Ich will hier gar nicht die “Ich mache das ja auch alles für die Familie!”-Karte spielen. Die ist zwar durchaus berechtigt, aber wenn ich meine letzten zwölf Jahre Berufserfahrung als Karrieremensch mit den letzten zwölf Jahren Berufserfahrung meiner Frau als Mutter vergleiche ist für mich ziemlich klar, dass “Karriere” in sehr, sehr vielen Aspekten aktuell der dankbarere Part ist. Natürlich verpasse ich emotionale Momente, erlebe meine Kinder häufig nur dann wenn ich erschöpft aus dem Büro komme und verpasse mitunter (selten) sogar mal einschneidende Erlebnisse wegen meinem Beruf. Wenn ich das ganze Mal gedanklich herumdrehe – ich mache den Hauptbetreuer für die Kinder und meine Frau den Hauptversorger – wird offensichtlich, dass ich in dieser Konstellation insbesondere als Mann immer bestenfalls als Exot dastehen würde.

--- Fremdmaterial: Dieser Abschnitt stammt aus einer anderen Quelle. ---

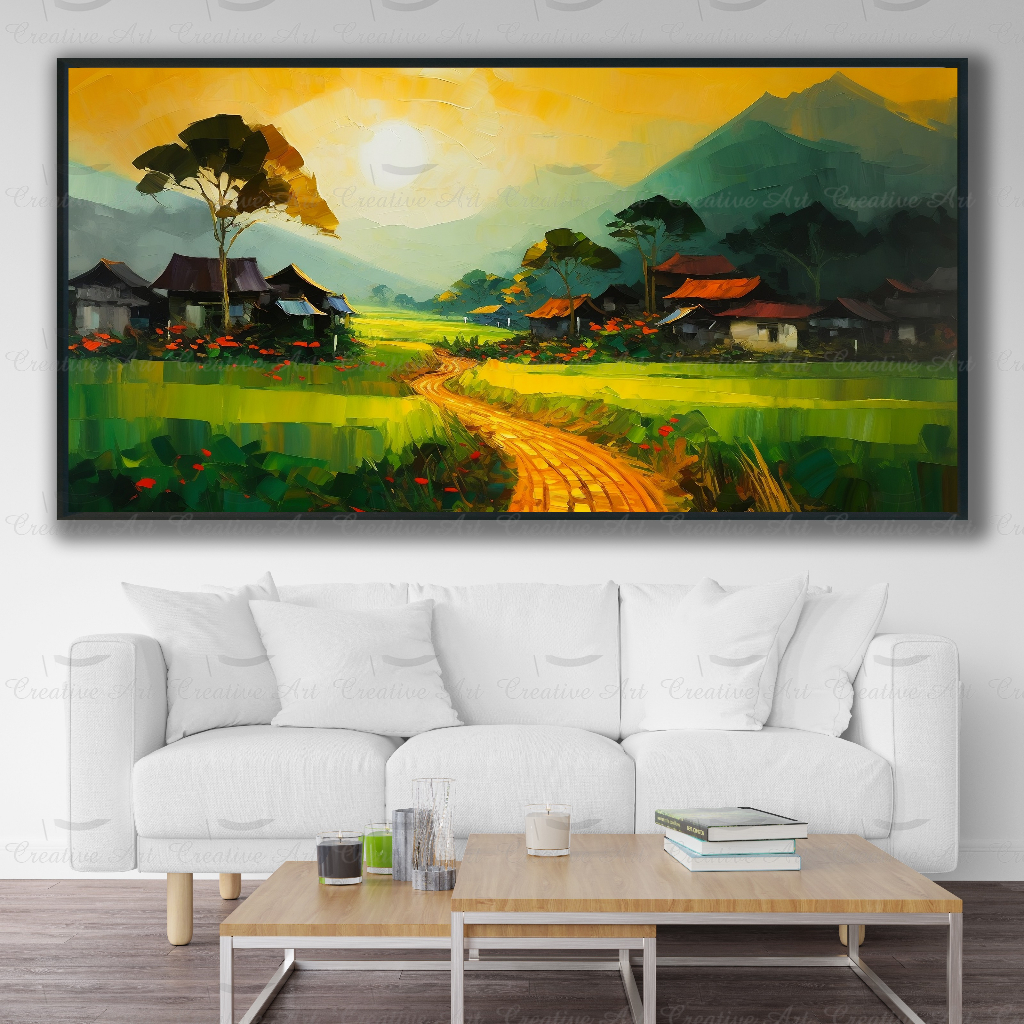 Big size - Tranh canvas - phong cảnh Việt Nam - tặng đinh 3 chân - nhận vẽ theo yêu cầu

Jetzt muss es natürlich auch Exoten geben, sie treiben die gesellschaftliche Entwicklung voran und zeigen stabilen Inseln wie mir, dass es auch anders geht. Die Frage, die sich aber jeder Mann irgendwann auf seiner Reise als Vater stellt, ist: Will ich dieser Exot sein? Noch dazu gibt es ja den Gender Pay Gap*, der die Entscheidung pro stabiler Insel durch die normative Kraft des Faktischen erheblich begünstigt.

Als werdender Vater habe ich die Wahl: Okay, ich kann mich jetzt für den exotischen Pfad entscheiden, der mein Selbstverständnis gegenüber meinen kinderlosen Freunden und Kollegen noch mehr in Frage stellt, als es die Entscheidung für ein Kind eh schon tut, der mir eventuell Ärger mit dem Chef einbringt und der langfristig meine Karriere zumindest beschränken kann – oder ich nehme den ausgetretenen, altbekannten Pfad, bei dem relativ sicher ist, dass ich derartige Probleme leicht umschiffen kann. Wofür entscheide ich mich wohl?

(Bei uns hat sich diese Frage aus verschiedenen Gründen nie wirklich gestellt, eine solche Wahlfreiheit hatte ich sowieso nicht, daher ist diese Skizzierung jetzt akademisch)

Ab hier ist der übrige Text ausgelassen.